Hopefully yours will do fine with just what you have.


----------



## Morainy (Apr 21, 2010)

That's a really nice tank, Katie. Is it red? Orange? I can't quite tell.

I hope that you woke up to clear water today. The plants will take hold quickly, I'm sure. The wood will eventually agree to sit at the bottom of your tank without weights, too. (I have a very similar piece of wood in one tank, with anubias glued to it and for quite awhile it would float up whenever disturbed even though I'd boiled it and then soaked it for weeks, but now it sits where it's supposed to.) 

It's pretty already. What kind of fish are you going to put into it?


----------



## katienaha (May 9, 2010)

Water is a bit clearer this morning. I set that up at 10pm last night, and at 10am its better. I am sure it will clear more.

The colour is like a burnt orange/brass colour.

That piece of wood I never really had a home for, I used to have it in a 10g, but I sold that tank over the summer, and it has been sitting dry since then - it's a piece from the local riverbank. Currently tied down to a butter knife!

Those anubias nana petite I got from another member (EDGE) and they are so beautiful and healthy. Actually I think every plant in that tank came from either EDGE or Aquaman.

I dont know if the heater I have for this is totally submersible, or if the cord section needs to be above the water level? It is a "Marina C17 submersible aquarium heater". Anyone have experience with these?

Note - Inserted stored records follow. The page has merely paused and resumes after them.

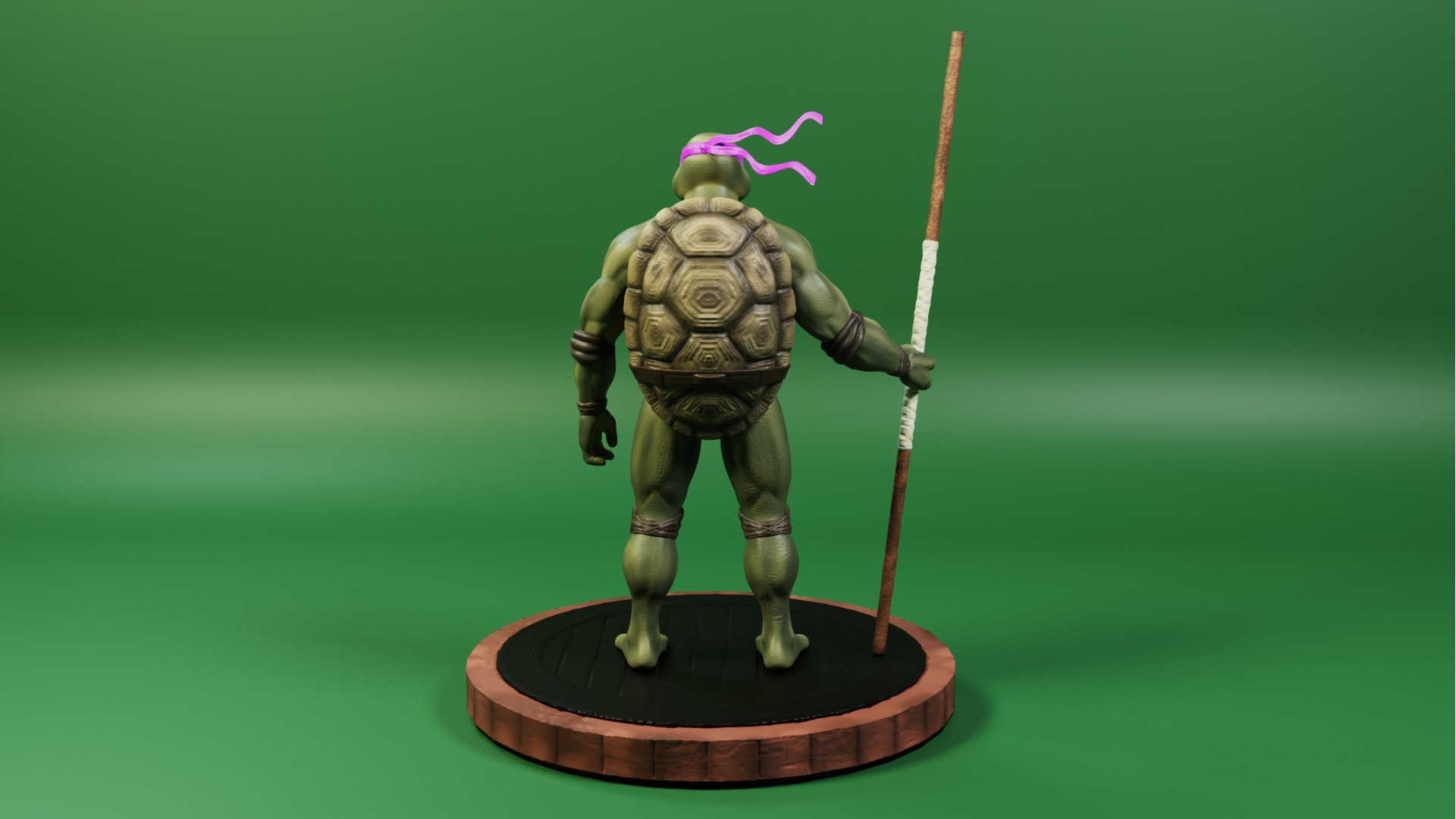 Donatello TMNT 3D print model_3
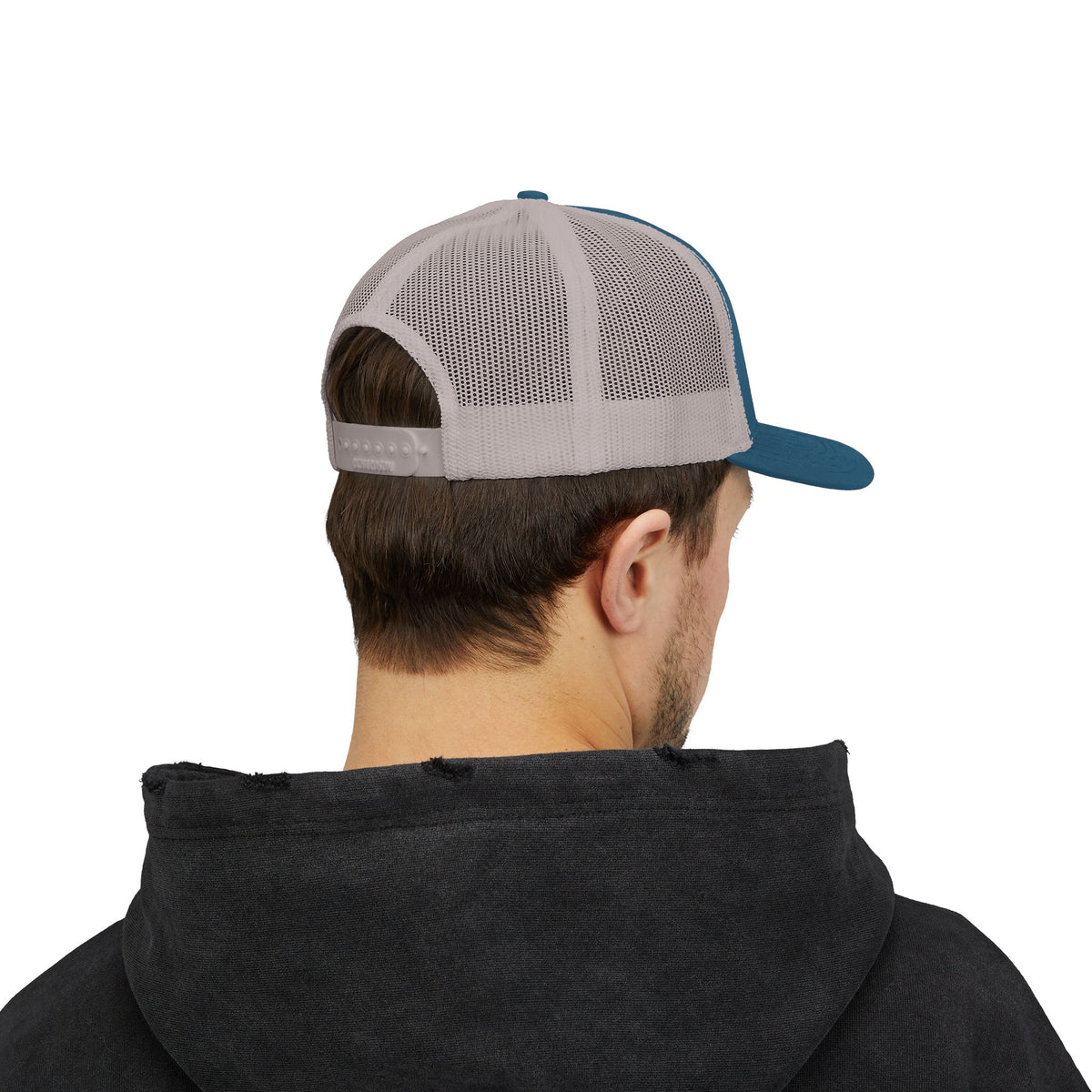 Trucker Hat — White Matter Brain Tree Logo Snapback Cap
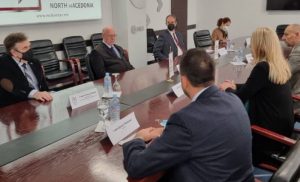 Cvijanovićeva nastavila posjetu Sjevernoj Makedoniji: Cilj što brži i snažniji ekonomski razvoj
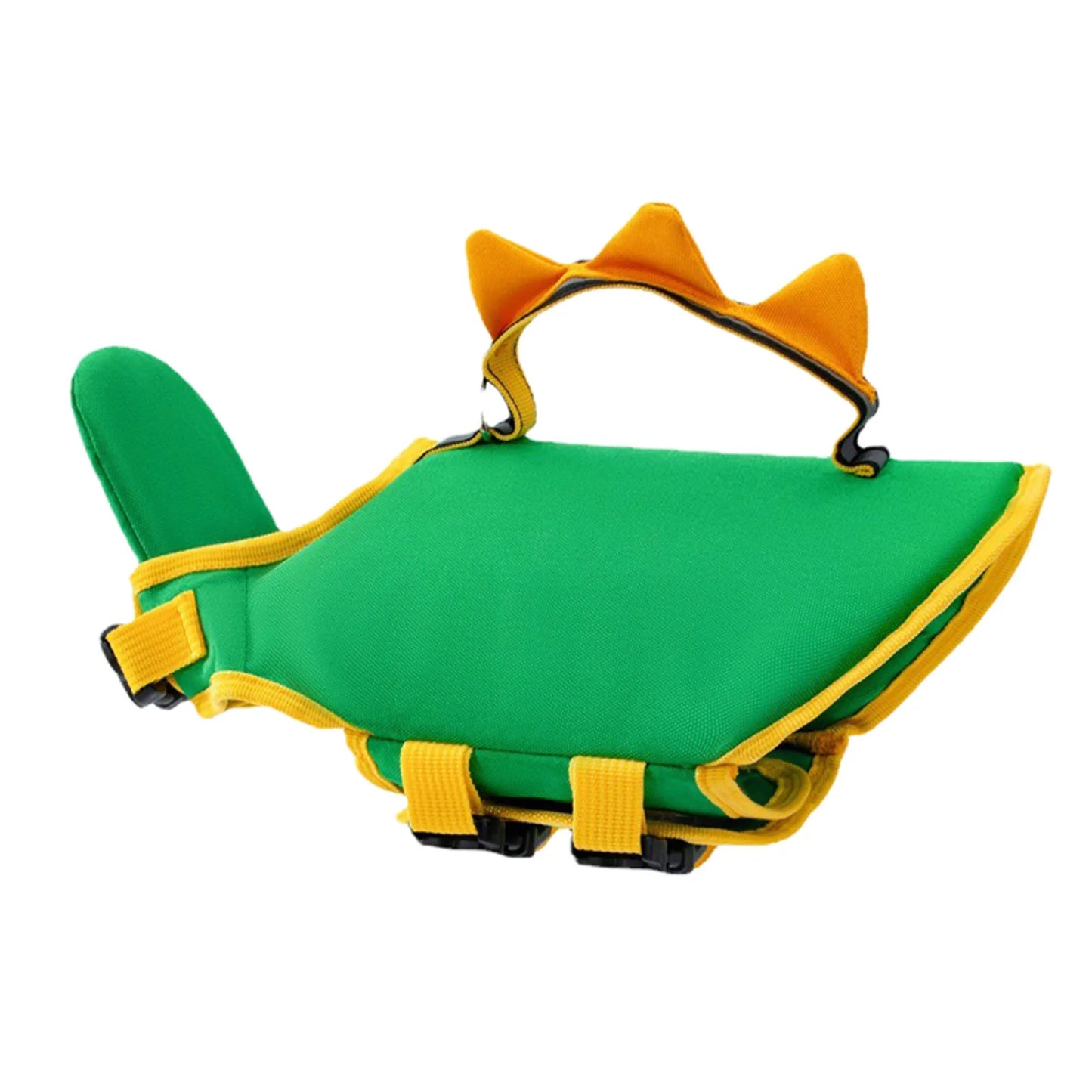 Cute Dinosaur Shaped Dog Summer Swimsuit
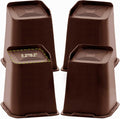 Bed Risers 8 in Heavy Duty Oversized Furniture Riser - Stable 6000 lb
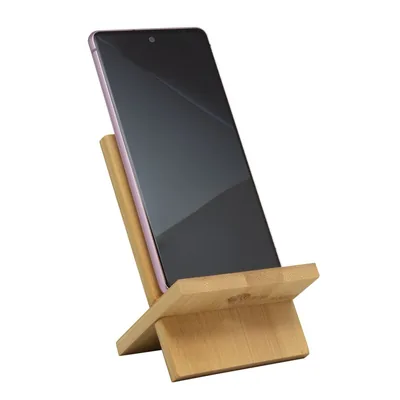 Soporte de escritorio para celular Bamboffice
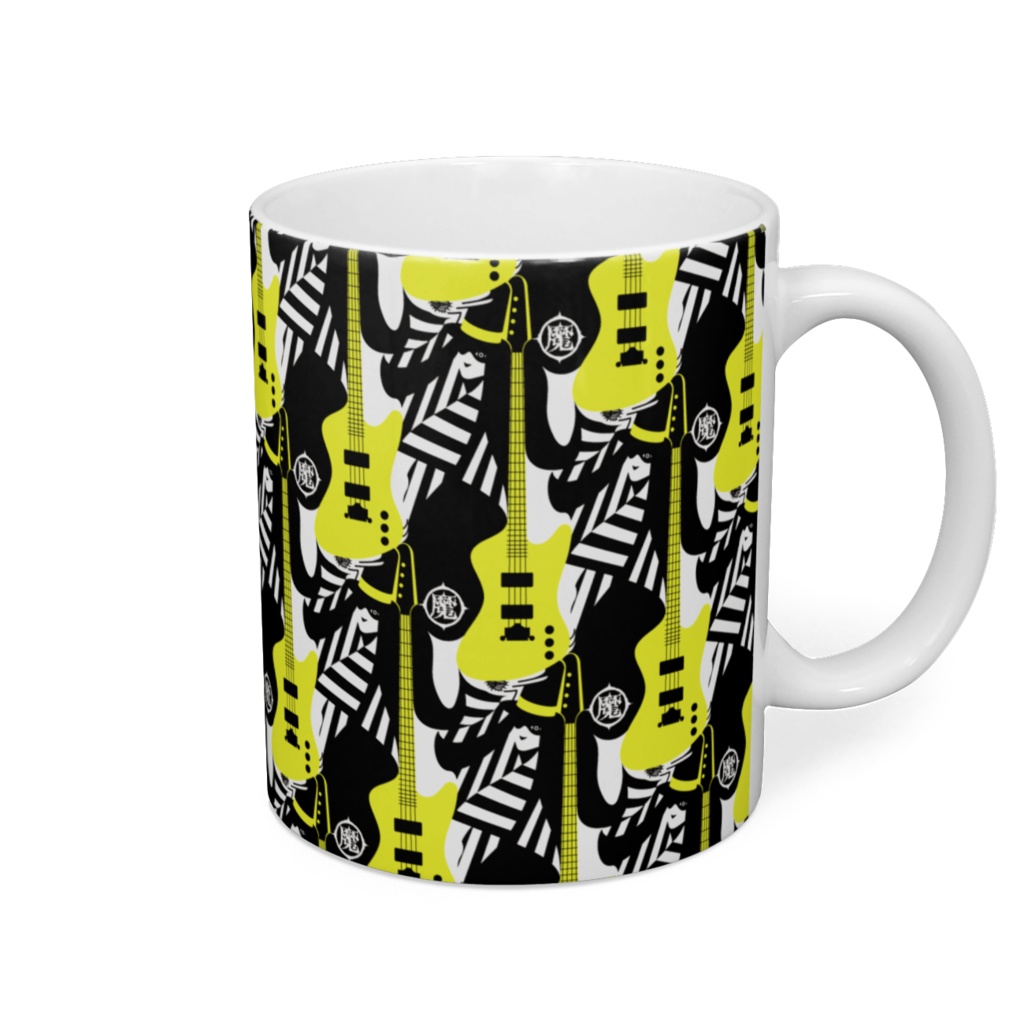 マグカップ "BASS HERO" BKYL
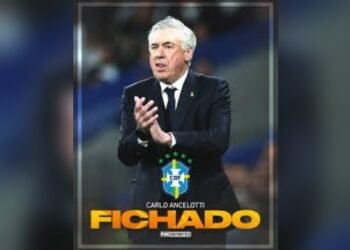 Carlo Ancelotti será el director técnico de la selección de Brasil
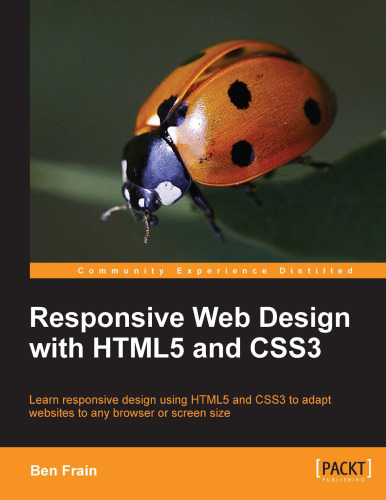 Responsive Web Design with HTML5 and CSS3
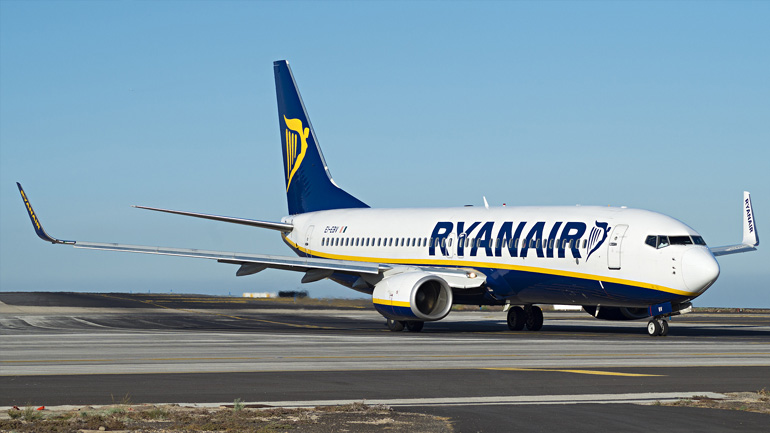 Πολωνία: Αναγκαστική προσγείωση αεροσκάφους της Ryanair – Υποψίες για εκρηκτικά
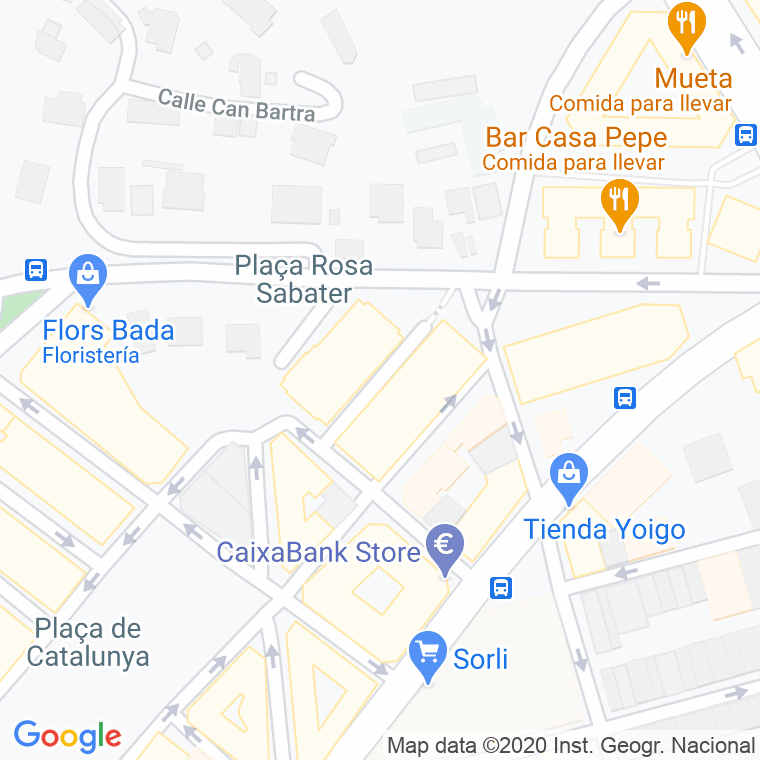 Código Postal calle Lucius Marcius, passatge en Mataró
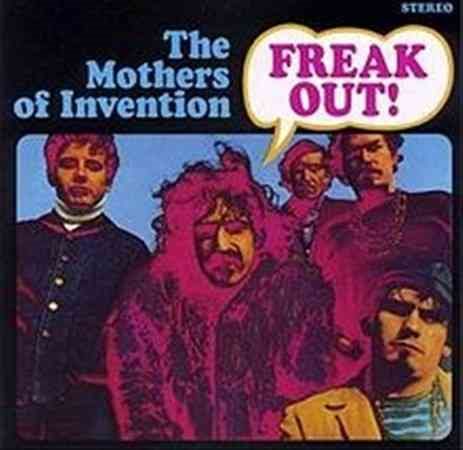 Frank Zappa - FREAK OUT! (2LP) Vinyl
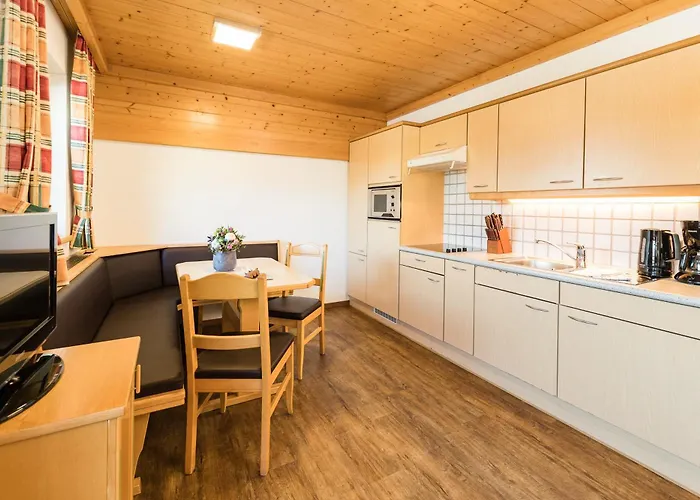 Feriengut Hasenau מלון דירות זאלבך הינטרגלם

What kind of light did you add thefishwife?? My kitchen is bright, but I dont know if it will be enough.


----------



## Petah (Dec 19, 2010)

http://www.bcaquaria.com/forum/j-l-aquatics-62/led-lighting-systems-freshwater-twist-8281/

Here's some info on LEDs, if your still wondering. I had to read up to see what the difference is. I guess it's not much.


----------



## katienaha (May 9, 2010)

Atron - Strip Light LED - 12 Inch (30.5cm) - SLL12 - Home Depot Canada

Sylvania - LED Light Flute - 72261-S - Home Depot Canada

I wonder if products like these would work to add light to the Edge?

The first one it seems could possibly lay right on top of the glass and give very direct light. The second seems as if it is best mounted under a cabinet, which is exactly where my tank is sitting. If I mounted it under my cabinet I wonder if the lighting would get lost between the space of the cabinet to the plants. 
Ideas??


----------



## ug.mac (Jul 13, 2010)

You can also try this DIY


----------



## katienaha (May 9, 2010)

Oh that is nice. Just a compact flourescent?? Is that in addition to the stock halogens?


----------



## Morainy (Apr 21, 2010)

Hi Katie,

I have a Marina 17watt heater and it's fine fully submersed.



katienaha said:


> Water is a bit clearer this morning. I set that up at 10pm last night, and at 10am its better. I am sure it will clear more.
> 
> The colour is like a burnt orange/brass colour.
> 
> ...


----------



## Petah (Dec 19, 2010)

the Sylvania one could be mounted between the light under the cover. That would give you extra lighting and remain hidden.


----------



## ug.mac (Jul 13, 2010)

katienaha said:


> Oh that is nice. Just a compact flourescent?? Is that in addition to the stock halogens?


This is where I found that picture:
My first planted tank (and journal!) v.Fluval Edge (UPDATE 2-20-10)

ug.


----------